Die ersten drei Monatsmieten gehen also noch zu Lasten der Insolvenzmasse. Der Vermieter kann diese Forderungen nicht vom Mieter direkt einklagen. Alle späteren Monatsmieten muss der Vermieter außerhalb des Insolvenzverfahrens direkt gerichtlich geltend machen, was im Regelfall schwer fallen dürfte.
Der Vermieter hat allerdings die Möglichkeit, als Insolvenzgläubiger Schadenersatz für seine durch die vorzeitige Beendigung des Mietvertrages oder die sonstigen Folgen der Entlastungserklärung bedingten Ausfälle zu fordern.
Sind mehrere Personen Mieter der Wohnung, müssen die anderen Mieter keine Kündigung befürchten, da der Insolvenzverwalter kein Sonderkündigungsrecht für den Mietvertrag des Schuldners ausüben kann.
Die Insolvenz des Mieters allein ist nach der Insolvenzordnung für den Vermieter kein gesetzlich anerkannter Kündigungsgrund mehr. Bezahlt der Mieter die Miete trotz Insolvenz weiter – z.B. unter Verwendung seines Pfändungsfreibetrages – kann der Vermieter nicht kündigen. Stellt der Mieter (nach Stellung des Insolvenzantrages) die Mietzahlungen ein, kann nach den gängigen Regeln des Bürgerlichen Gesetzbuches wegen Verzuges mit der Mietzahlung gekündigt werden. Zulässig sind auch weitere nach dem BGB gesetzlich zulässige Kündigungsgründe (z.B. Eigenbedarf). Es muss ein berechtigtes Interesse des Vermieters vorliegen, mit dem die Kündigung begründet wird.
Es ist umstritten, wem gegenüber der Vermieter die Kündigung erklären muss. Sicherheitshalber sollte die Kündigung sowohl dem Mieter als auch dem Insolvenzverwalter zugestellt werden.
Nach dem Antrag auf Eröffnung des Insolvenzverfahrens ist eine Kündigung durch den Vermieter aus folgenden Gründen gesetzlich ausgeschlossen:
- Verzug mit der Mietzahlung in der Zeit vor dem Insolvenzantrag,
- Verschlechterung der Vermögensverhältnisse des Schuldners.
Der Bundesgerichtshof hat am 17. Juni 2015 entschieden, dass bei Vorliegen einer Entlastungserklärung des Insolvenzverwalters bzw. im Verbraucherinsolvenzverfahren des Treuhänders hinsichtlich des Wohnungs-Mietverhältnisses eine vermieterseitige Kündigung auch wegen Mietrückständen möglich ist, die vor Stellung des Insolvenzantrages aufgelaufen sind. Denn mit der „Freigabeerklärung “ durch den Treuhänder falle das Mietverhältnis nicht mehr unter die Regelungen der Insolvenzordnung und stünde wieder zur Disposition der Vertragsparteien im Rahmen der mietrechtlichen Vorschriften (Az. VIII ZR 19/14).

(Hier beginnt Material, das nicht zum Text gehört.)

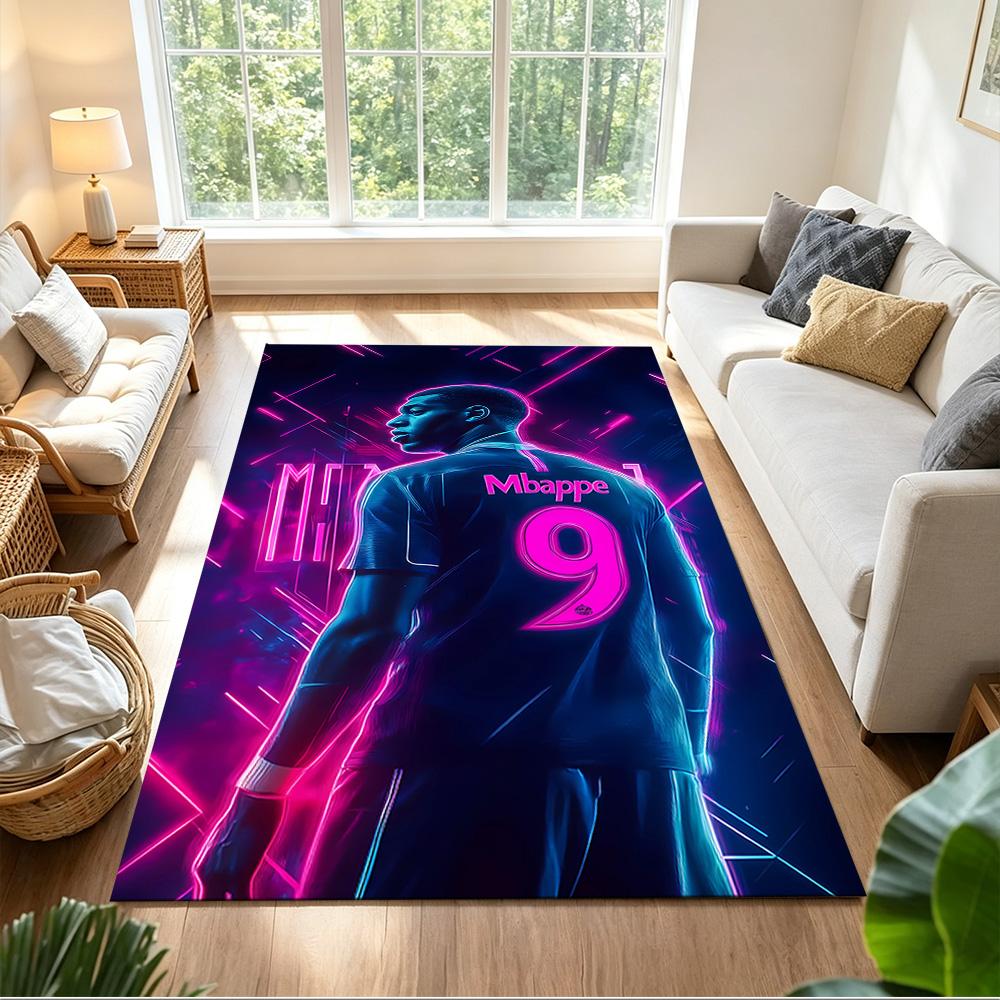 Mbappe Neon Poster Area Rug Perfect for Bedrooms Kitchen Hallway Dining Room Anti-slip Rug Anime Office Decor Wedding Party Gift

Eine Besonderheit gilt, wenn der Insolvenzantrag bereits gestellt ist, die Mietwohnung aber noch nicht an den Mieter übergeben wurde. Der Insolvenzverwalter (an Stelle des Mieters) und der Vermieter können vom Vertrag zurücktreten. Jede Seite kann die andere dazu auffordern, innerhalb einer zweiwöchigen Frist mitzuteilen, ob ein Rücktritt beabsichtigt ist. Äußert sich die andere Seite innerhalb der Frist nicht, ist das Rücktrittsrecht für sie verfallen.